> _Task statement_:
Beginning at the line that holds "Fototapeta premium Two" and continuing to the last line of the data below, transcribe every line word for word, without pictures.

> _Short text fragments from websites_:
[Start of Attachment]
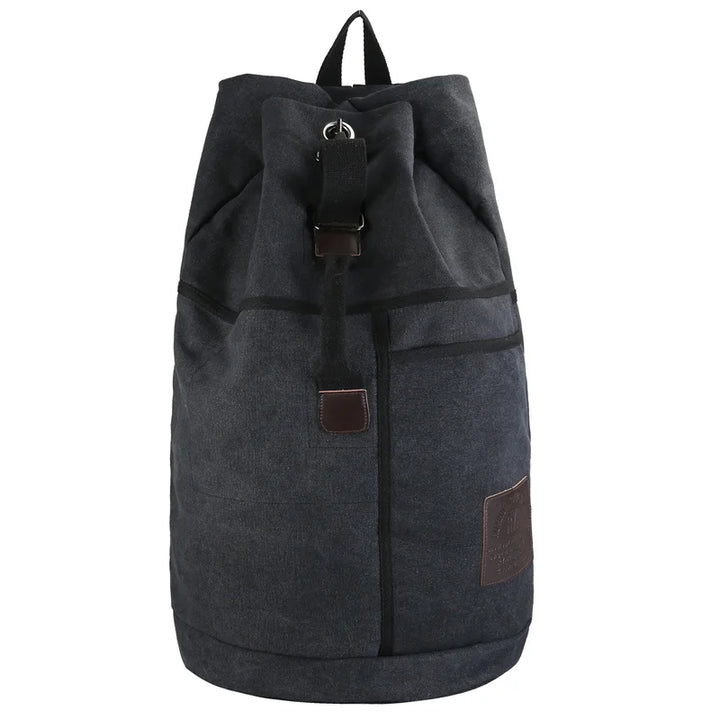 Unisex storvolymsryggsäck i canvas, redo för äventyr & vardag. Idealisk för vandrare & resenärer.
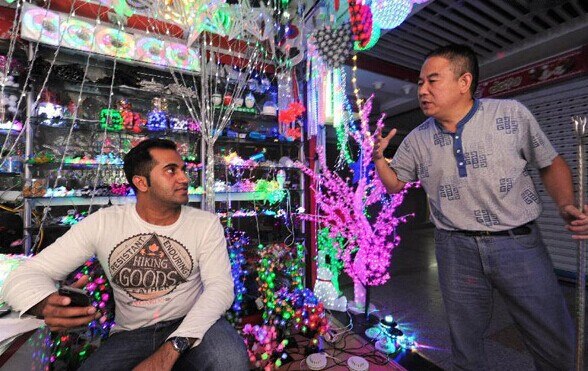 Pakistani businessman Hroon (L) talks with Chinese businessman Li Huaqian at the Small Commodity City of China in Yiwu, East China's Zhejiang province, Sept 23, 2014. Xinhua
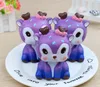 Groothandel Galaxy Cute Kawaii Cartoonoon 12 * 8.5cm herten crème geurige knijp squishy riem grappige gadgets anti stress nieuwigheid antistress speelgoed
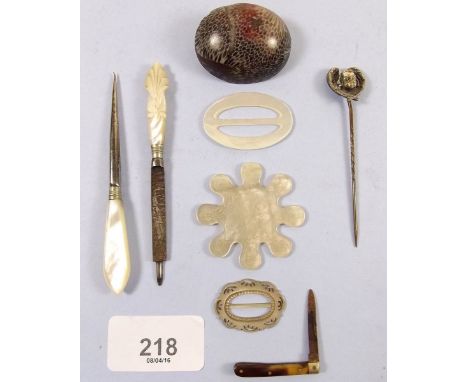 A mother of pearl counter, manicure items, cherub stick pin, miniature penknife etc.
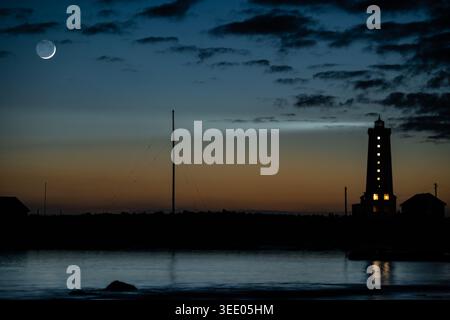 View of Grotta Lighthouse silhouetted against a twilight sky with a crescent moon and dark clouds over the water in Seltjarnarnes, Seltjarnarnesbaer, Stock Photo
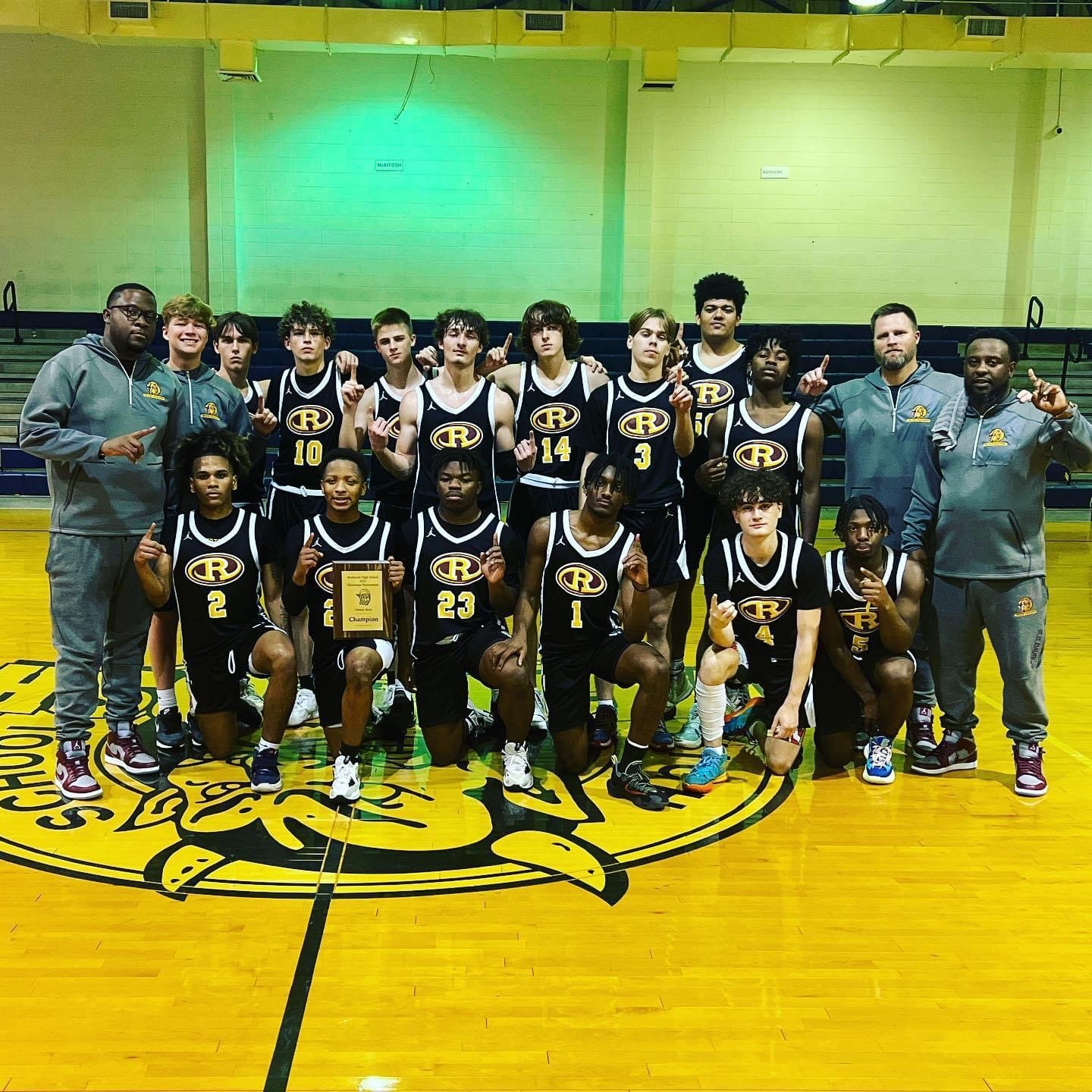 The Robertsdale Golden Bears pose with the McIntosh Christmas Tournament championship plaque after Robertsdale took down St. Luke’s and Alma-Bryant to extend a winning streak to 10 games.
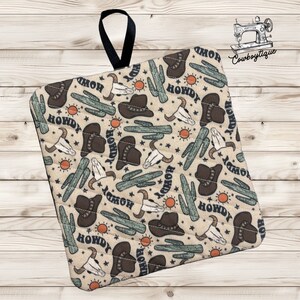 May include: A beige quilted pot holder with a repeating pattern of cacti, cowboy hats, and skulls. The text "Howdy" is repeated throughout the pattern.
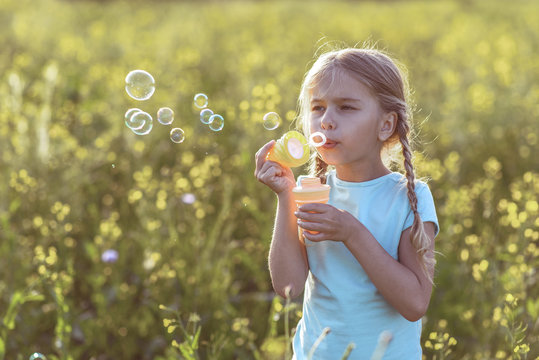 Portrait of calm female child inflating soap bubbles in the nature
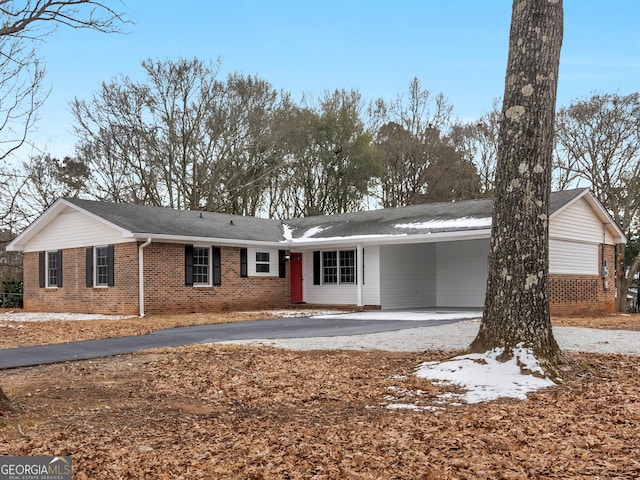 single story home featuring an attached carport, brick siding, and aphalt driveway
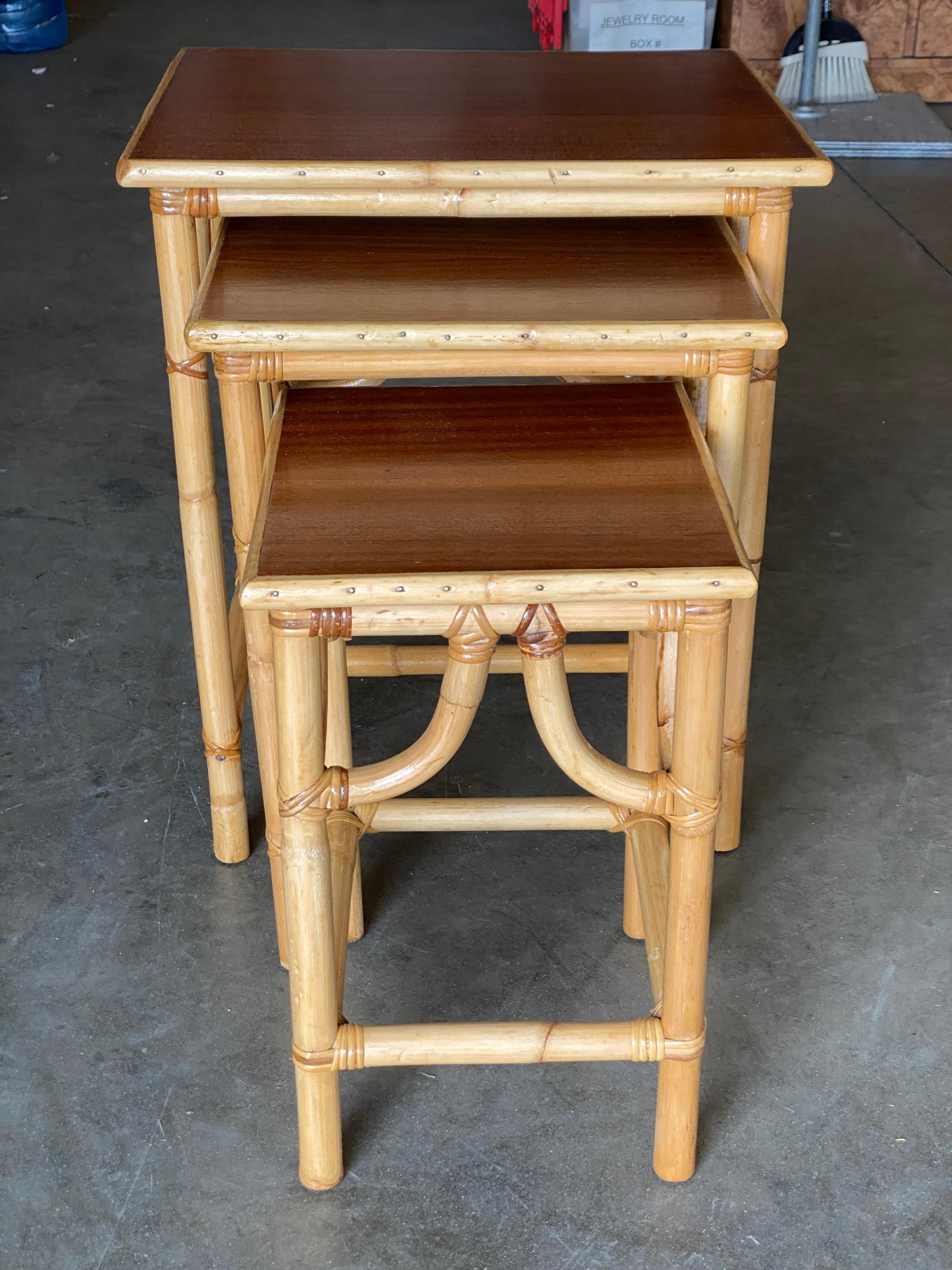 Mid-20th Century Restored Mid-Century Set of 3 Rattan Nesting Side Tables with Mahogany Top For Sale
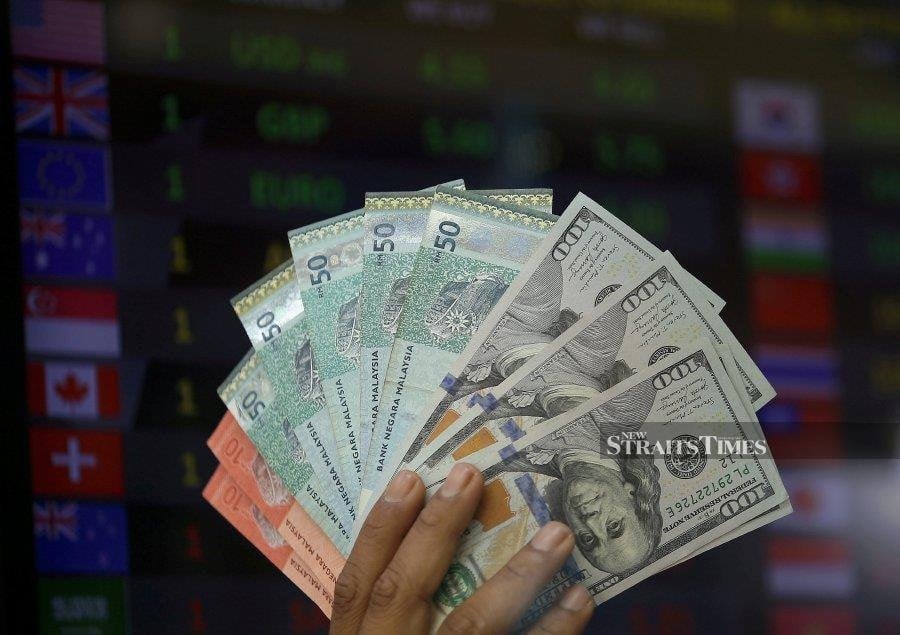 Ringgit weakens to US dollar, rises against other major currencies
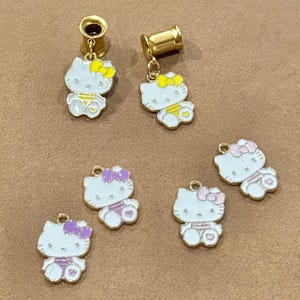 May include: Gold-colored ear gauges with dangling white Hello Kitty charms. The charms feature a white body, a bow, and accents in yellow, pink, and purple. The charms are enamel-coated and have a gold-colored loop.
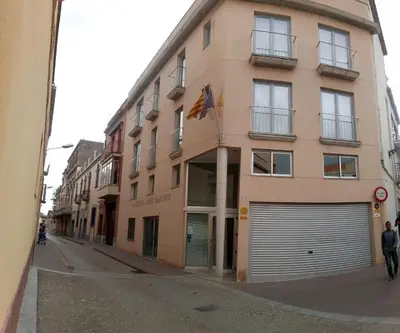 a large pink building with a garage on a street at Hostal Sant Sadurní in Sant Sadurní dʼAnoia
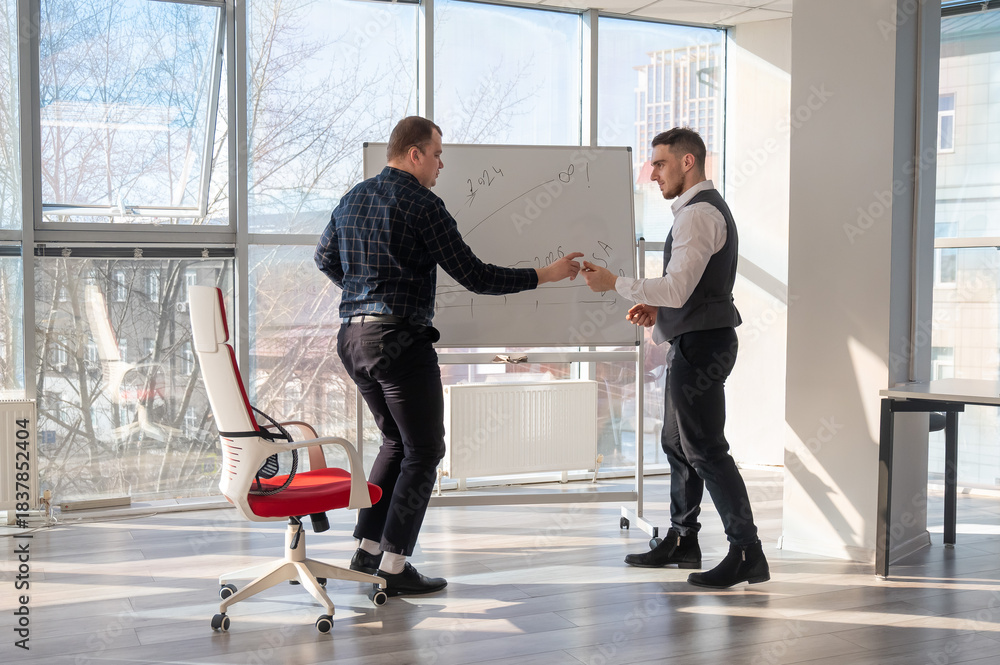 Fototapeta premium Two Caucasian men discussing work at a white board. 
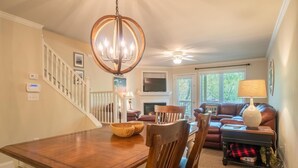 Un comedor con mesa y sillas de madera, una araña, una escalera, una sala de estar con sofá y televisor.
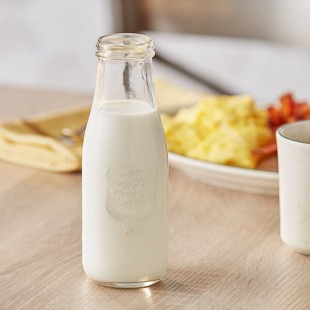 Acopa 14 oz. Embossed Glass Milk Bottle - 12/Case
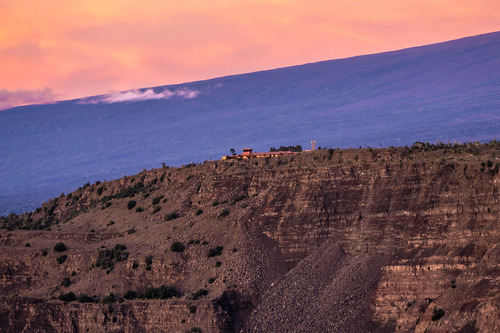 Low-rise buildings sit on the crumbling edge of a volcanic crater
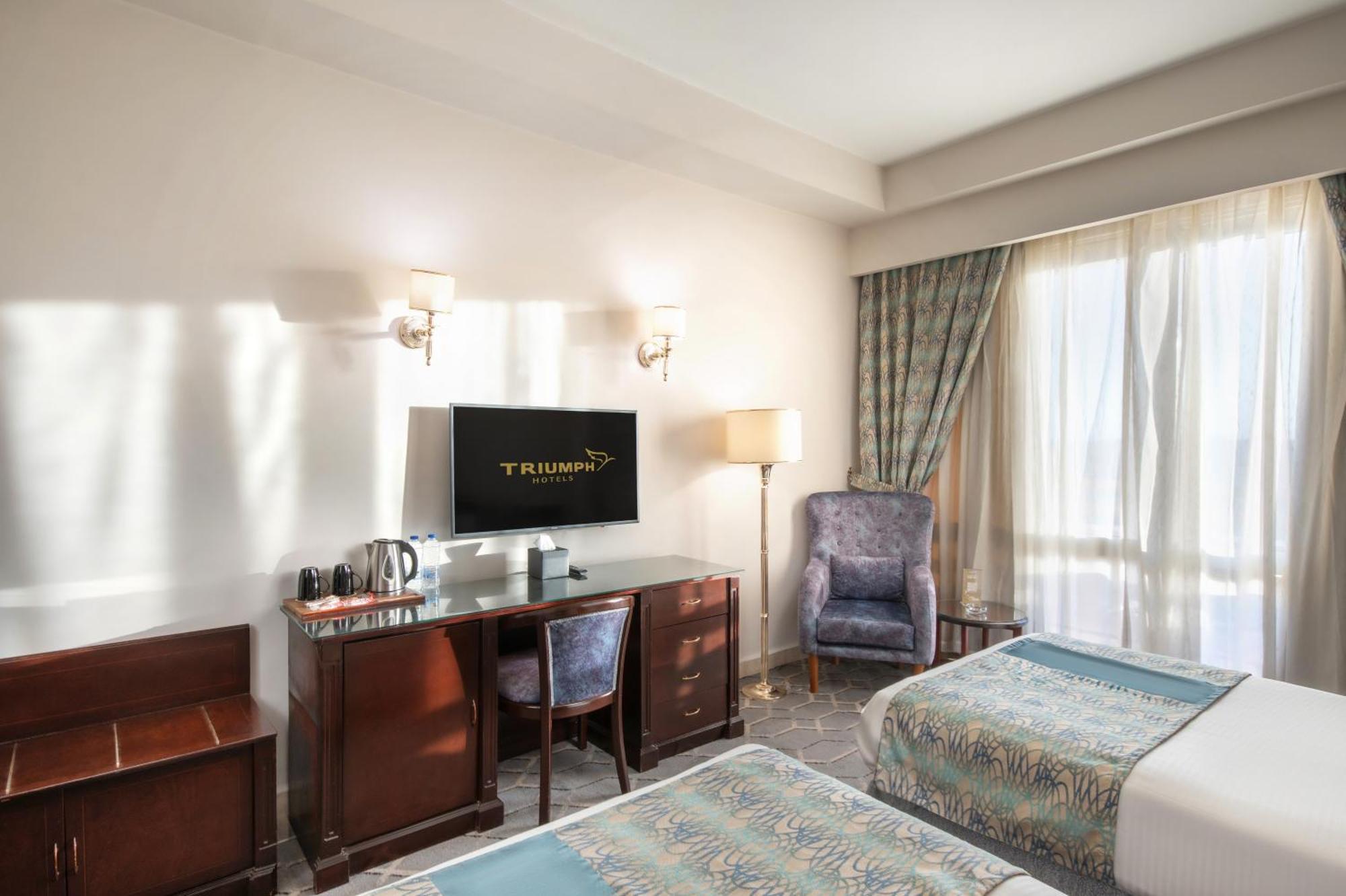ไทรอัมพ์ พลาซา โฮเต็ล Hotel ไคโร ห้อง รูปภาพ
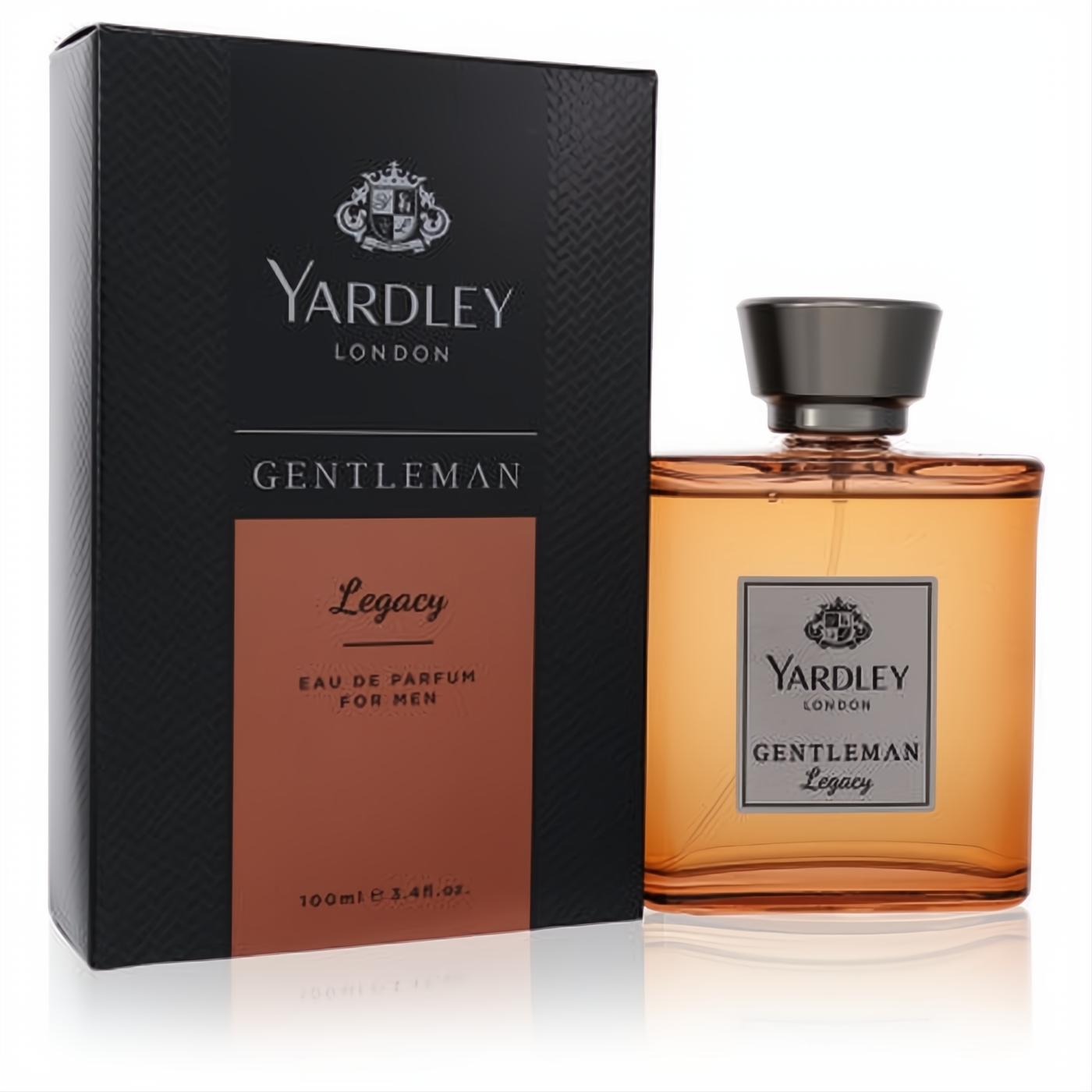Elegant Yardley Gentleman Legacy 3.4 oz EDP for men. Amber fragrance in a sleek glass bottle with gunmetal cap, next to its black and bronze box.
[End of Attachment]
> _Result of the task_:
 Fototapeta premium Two Caucasian men discussing work at a white board. 
 Un comedor con mesa y sillas de madera, una araña, una escalera, una sala de estar con sofá y televisor.
 Acopa 14 oz. Embossed Glass Milk Bottle - 12/Case
 Low-rise buildings sit on the crumbling edge of a volcanic crater
ไทรอัมพ์ พลาซา โฮเต็ล Hotel ไคโร ห้อง รูปภาพ
Elegant Yardley Gentleman Legacy 3.4 oz EDP for men. Amber fragrance in a sleek glass bottle with gunmetal cap, next to its black and bronze box.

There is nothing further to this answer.